The top United Nations official in Lebanon has strongly condemned today’s car bombing in the north-eastern area of Hermel that killed and wounded a number of people and which comes on the same day the UN-backed trial of those responsible for the 2005 assassination of former Prime Minister Rafiq Hariri began.
The Special Coordinator for Lebanon, Derek Plumbly, said he continues to be “disturbed” by the recurrence of indiscriminate acts of violence in Lebanon during the past months, according to a statement issued by his Office.
“While aware of the pain and anger generated by such violence, the Special Coordinator urged all Lebanese to exercise restraint. Support of State institutions, including the army and the security forces, was the best way to safeguard the country’s security and stability,” the statement added.
Mr. Plumbly hopes those responsible for the bombing and all other acts of terrorism will be brought to justice as soon as possible.
The attack was also condemned by the 15-member Security Council, which issued a statement to the press, reaffirming that any acts of terrorism are criminal and unjustifiable, regardless of their motivation, wherever, whenever and by whomsoever committed.
In a related development, Secretary-General Ban Ki-moon welcomed the opening today of the trial of the Special Tribunal for Lebanon (STL), nearly nine years after the terrorist attack which killed Mr. Hariri and 22 others.

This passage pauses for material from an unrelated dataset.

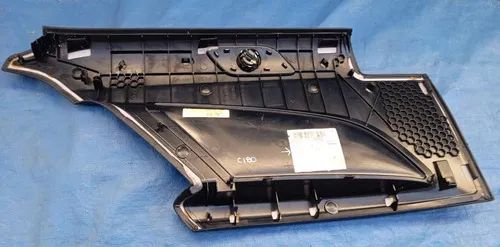 Forro Traseiro Direito Mercedes C180 Coupe 2012 2013 2014 - Foto 3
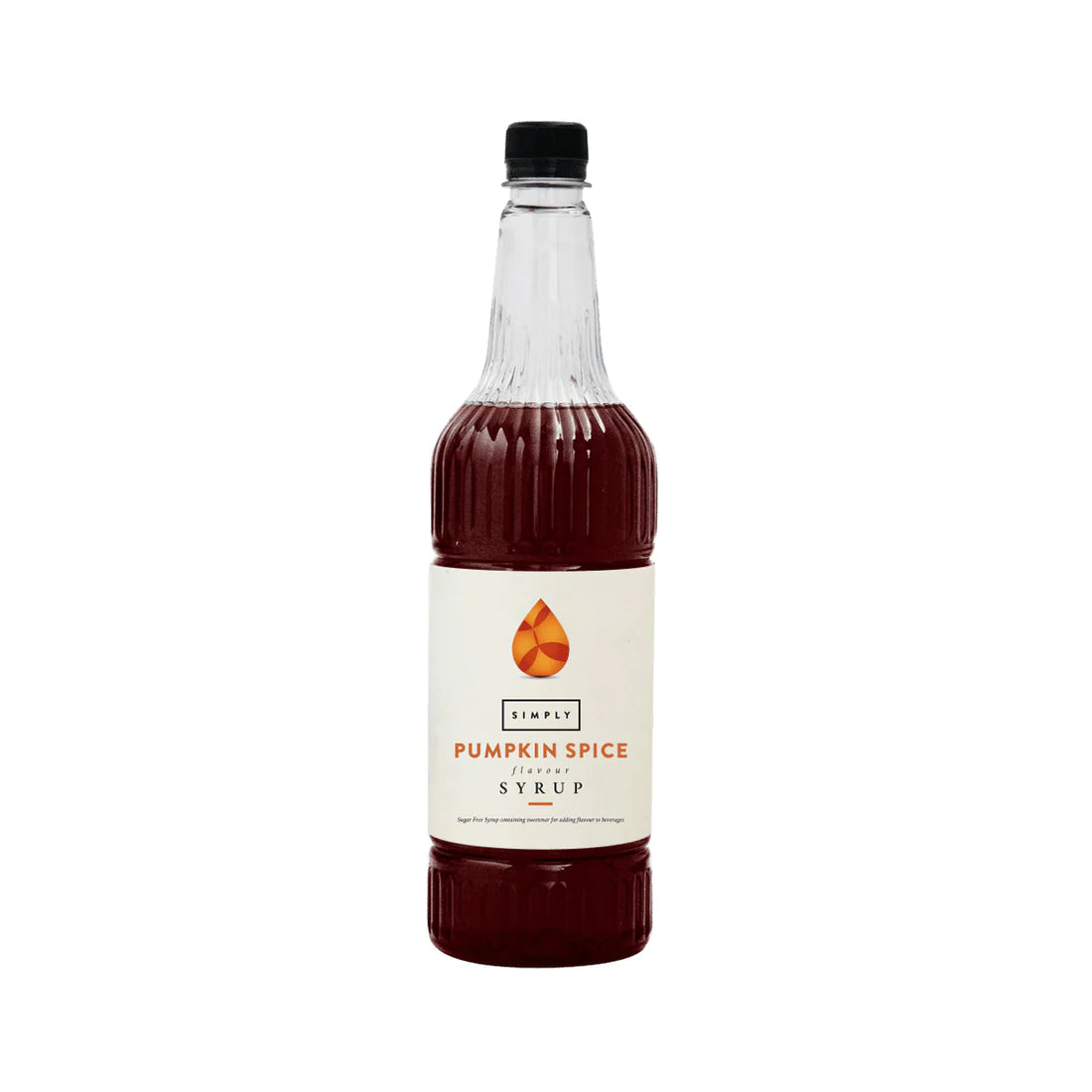 Spiced Pumpkin Simply Syrup 1 Litre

“The Secretary-General stresses the vital importance of combating impunity for the long-term stability and security of Lebanon,” said a statement issued by his spokesperson. “He notes with gratitude the continuing support of the Government of Lebanon, and of other Member States, for the work of the Tribunal.”
The Security Council also welcomed the opening of the trial, stressing in a press statement the vital importance of combating impunity for Lebanon’s long-term stability and security.
Located on the outskirts of The Hague in the Netherlands, the Tribunal is an independent court created at the request of the Lebanese Government, with a mandate issued by the UN Security Council.
Four Lebanese nationals – Salim Jamil Ayyash, Mustafa Amine Badreddine, Hussein Hassan Oneissi and Assad Hassan Sabra – have been indicted over the February 2005 killing. They will be tried in absentia after the Tribunal determined last year that all reasonable attempts had been made to inform the four men of the charges they face and to bring them before the court.